Good cause for voluntarily quitting are those circumstances which would impel the average, able bodied, qualified worker to give up his or her employment. The applicable standard of reasonableness *1220 for determining the question of good cause is a standard of reasonableness applied to the average man or woman. See Ritenour v. Unemployment Appeals Comm'n, 570 So. 2d 1106, 1107 (Fla. 5th DCA 1990). The record clearly shows that Miller was supposed to receive a 15% foreign service premium while employed with Range Systems and Range Systems did not advise him of the subsequent reduction of the foreign service premium until he arrived in the Bahamas. The reduction in his income provided him with good cause to terminate his employment at Range Systems. See LeCroy v. Unemployment Appeals Comm'n, 654 So. 2d 1054 (Fla. 1st DCA 1995).

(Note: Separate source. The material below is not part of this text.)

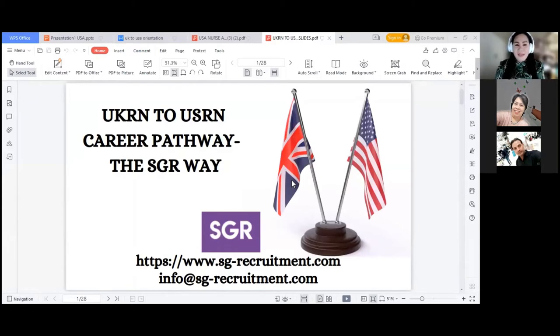I am pleased to do the presentation for this topic: UKRN to USRN Career Pathway, the SGR way. I know everybody is knowledgeable about the terminologies — RN stands for registered nurses, and UK is the destination. The pathway we are introducing is something new because SGR Recruitment has added services and we're getting hospital employers, to accommodate nurses aspiring to work in the USA as well as the UK.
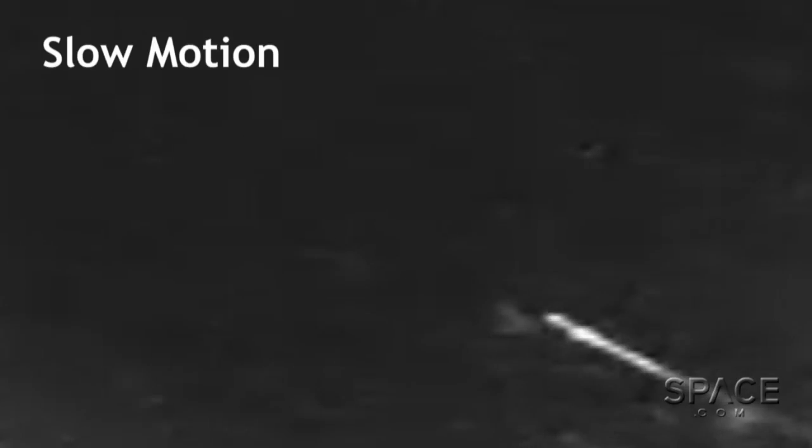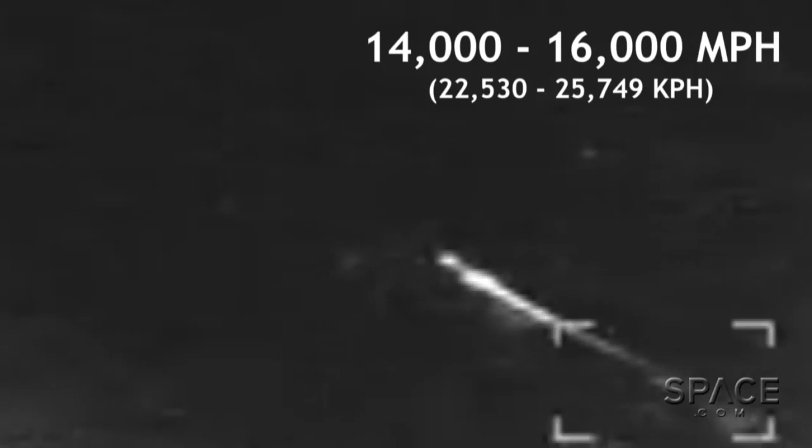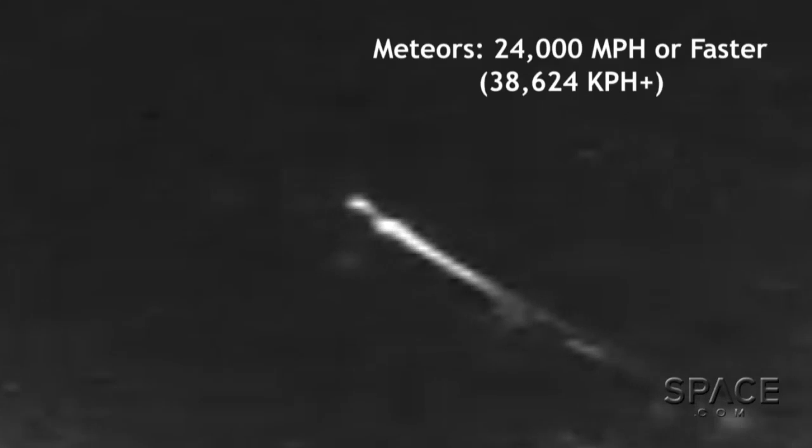Well, it wasn't a meteor — it moved too slowly. This thing hit the atmosphere moving between 14,000 and 16,000 miles per hour. And while that sounds fast, meteors move at 24,000 miles per hour or faster.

Range Systems argues that although there had been a change in circumstances, i.e., the reduction of the foreign service premium, Miller continued to work under these changed circumstances; therefore, he accepted the change negating a good cause basis for submitting his resignation. This argument was accepted by the Unemployment Appeals Commission which found as a matter of law that there had been an acceptance of the change and, therefore, there was no good cause basis for Miller's resignation. This argument fails to consider that the referee made a factual finding that Miller had not accepted the change but had specifically objected to the reduction in the foreign service premium. Since there was substantial competent evidence to support the appeals referee's decision, we reverse the decision of the UAC with directions to reinstate the decision of the appeals referee.

WARNER, C.J., and GROSS, J., concur.